[Dataset extract Boundary: Start]
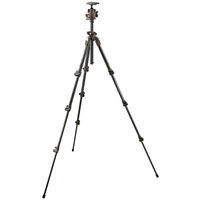 Manfrotto 190CXPRO4-M0Q2B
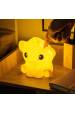 Obrázok pre PP LION KING - SIMBA SQUISHYGLO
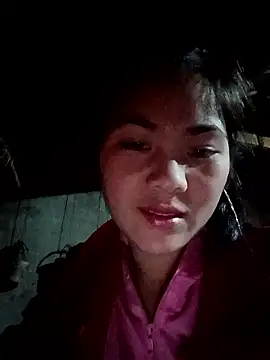 Lyssa-a online show from 01.11.26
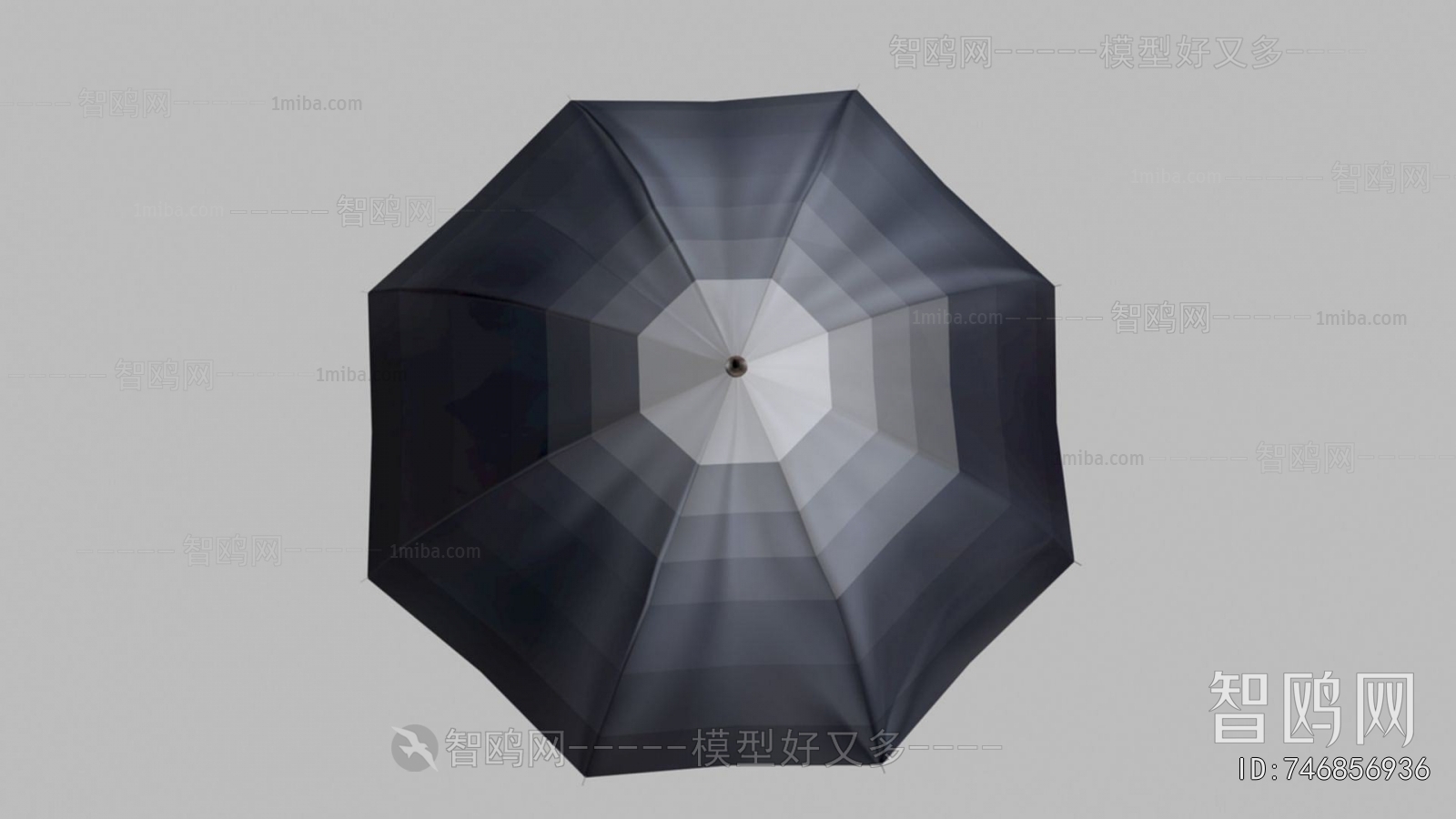 Modern Articles For Daily Use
[Dataset extract Boundary: End]
What is needed
Retype the data above as given, letting no picture into the copy.

Solution for this task
 Manfrotto 190CXPRO4-M0Q2B
 Obrázok pre PP LION KING - SIMBA SQUISHYGLO
 Lyssa-a online show from 01.11.26
 Modern Articles For Daily Use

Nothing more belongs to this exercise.